Le Lieu ouvre trois jours par semaine. Les autres jours, Fanny Gingreau travaille seule dans son bureau. "En principe, je pourrais recevoir des dames. Mais je profite de ce temps pour réfléchir. J'essaie de ne pas trop me blinder. C'est nécessaire d'avoir des moments pour souffler."
Auprès des bénévoles, Fanny Gingreau dit "essayer d'apporter une vision un peu professionnelle de ce qu'on entend par "accueil", et vérifier que les ateliers qu'on propose ont vraiment un sens sur le long terme. L'action Atout Cœur pour les Dames me parle bien car ça se fait sur la durée avec une finalité. Outre faire des collages ou de l'expression orale, les femmes seront valorisées d'avoir l'agenda qu'elles vont garder."
Soumise au secret professionnel, elle ne partage pas ce qui se dit dans son bureau. "Maintenant, je suis là aussi pour expliquer les comportements et comment il faut agir. Ici, les femmes ont vécu des choses difficiles, très, très variées. Certaines ont des comportements inadaptés, et si on reste sur un comportement social classique, qui ne sont pas sympas. Mais l'idée, c'est de pouvoir les accueillir telles qu'elles sont. Ce qui ne veut pas dire qu'on accepte tout, on n'accepte pas les insultes. C'est bien cependant de savoir que si elles se comportent comme ça, il y a des choses derrière. Peut-être que le lien aux autres n'est pas facile. On demande beaucoup à ces personnes : elles se traînent déjà des valises, et on leur demande en plus d'accepter à côté quelqu'une qui a d'autres valises, et que ça se passe dans le calme. Alors que nous-mêmes, dans notre vie personnelle, ça nous arrive de perdre patience !"

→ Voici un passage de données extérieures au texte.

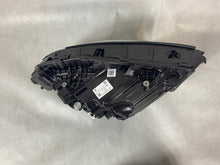 Laden Sie das Bild in den Galerie-Viewer, Frontscheinwerfer Mercedes-Benz Gla H247 A2479066107 LED Links Headlight SCH3015737984oy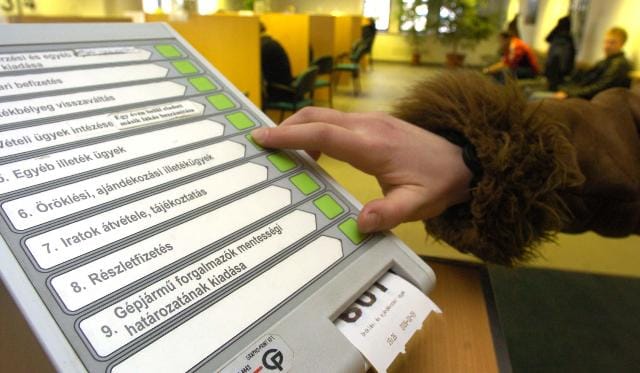 Szigorodik az illetékfizetés a cégeknek jövőre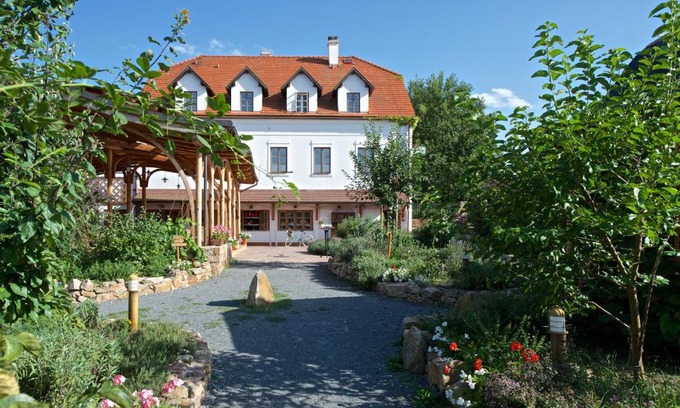 Pruhonice House | Babiččina Zahrada Penzion & Restaurant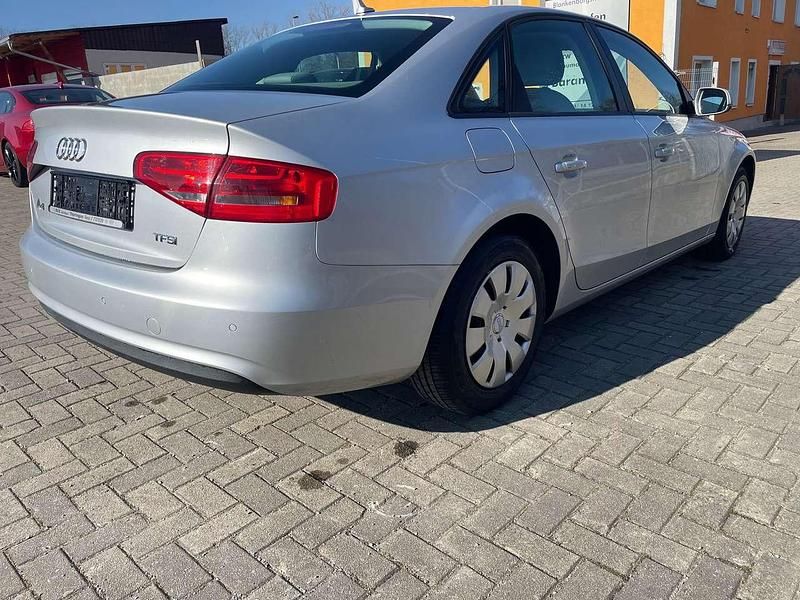 Gebraucht Audi A4 Attraction 120 PS (88 kW) 2012 Eissilber metallic Limousine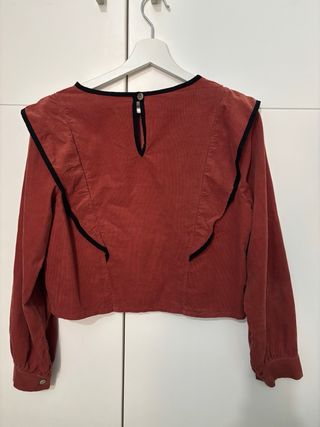 Blusa crop con volantes y ribete negro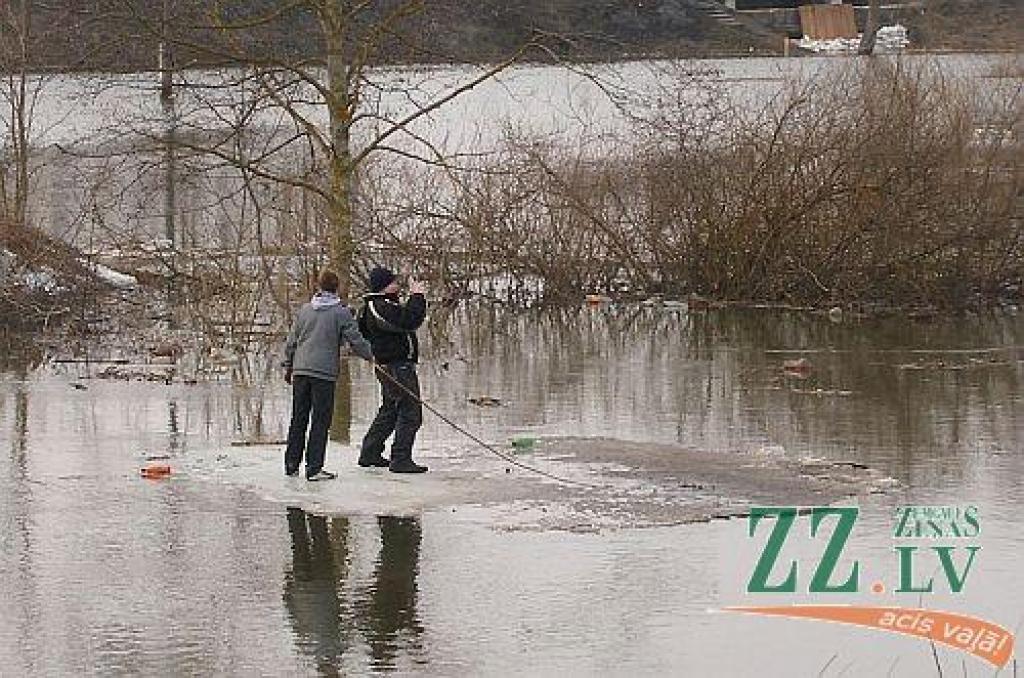 Aculiecinieka foto: pusaudži pārgalvīgi vizinās uz ledus gabaliem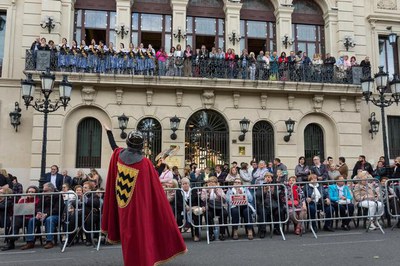 La desfilada de gala ha finalitzat a l'avinguda Blondel, quan les sis comparses han arribat a la Paeria.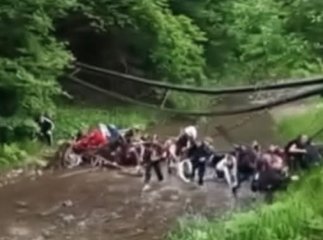 У Карпатах обвалився підвісний міст із дітьми, є госпіталізовані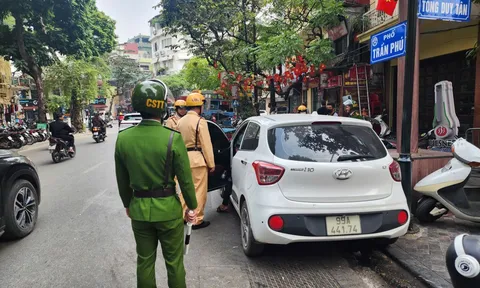 Từ 15/8, chính thức xử phạt ô tô biển trắng chở khách thu tiền
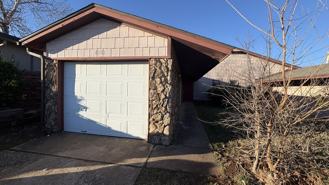 8203 S Klein Ave - Photo 1 of 1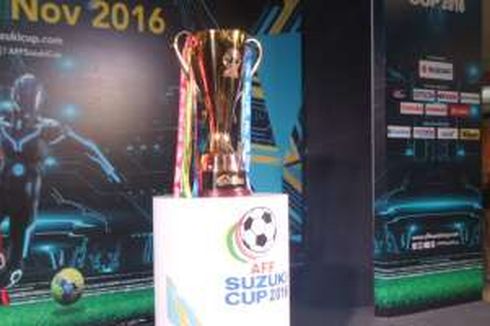 Melihat dari Dekat Trofi Piala AFF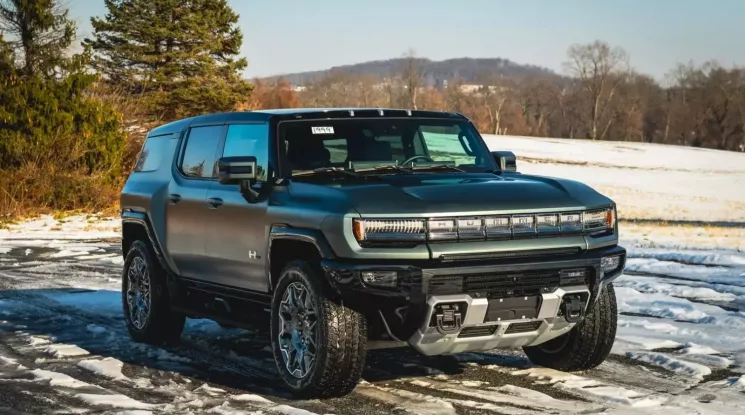 Qua rồi thời kỳ giá bị thổi tăng vèo vèo, SUV điện Hummer giờ đây có giá khá dễ chịu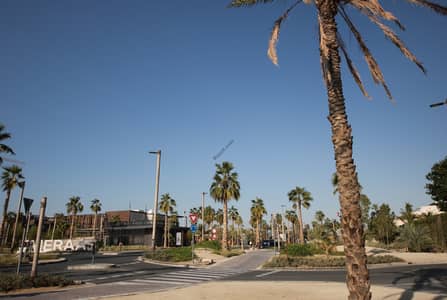 Residential Villa 6 Bed Sea View La Mer Vacant Residential Villa 6 Bed Sea View La Mer Vacant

La liste des bénévoles se monte à une trentaine de personnes; une d'entre elles gère le planning. Elles sont passées par le siège des Restaurants du Cœur, ou ont fait leur recherche personnelle et téléphonent au Lieu parce que l'accueil pour femmes les intéresse. Annick et Michel, les responsables, les reçoivent en entretien. "Dans vouloir venir aider, il y a plein de choses qui se jouent, commente Fanny Gingreau. Les bénévoles ne comprennent pas toujours bien qu'elles peuvent venir deux jours par semaine, mais pas trois. C'est important que chacune puisse avoir sa place à égalité, et aussi une vie à côté. En plus, viennent des étudiantes, ou des professionnelles au chômage. C'est intéressant, les pros !" Fanny Gingreau, placée sous la responsabilité d'Annick et Michel, n'a pas de hiérarchie professionnelle. Il y a des avantages, mais elle se sent un peu seule. "Les échanges professionnels manquent. J'ai quand même des contacts avec des collègues à qui je fais appel pour gérer des situations que je ne connais pas, et savoir vers quoi orienter les dames."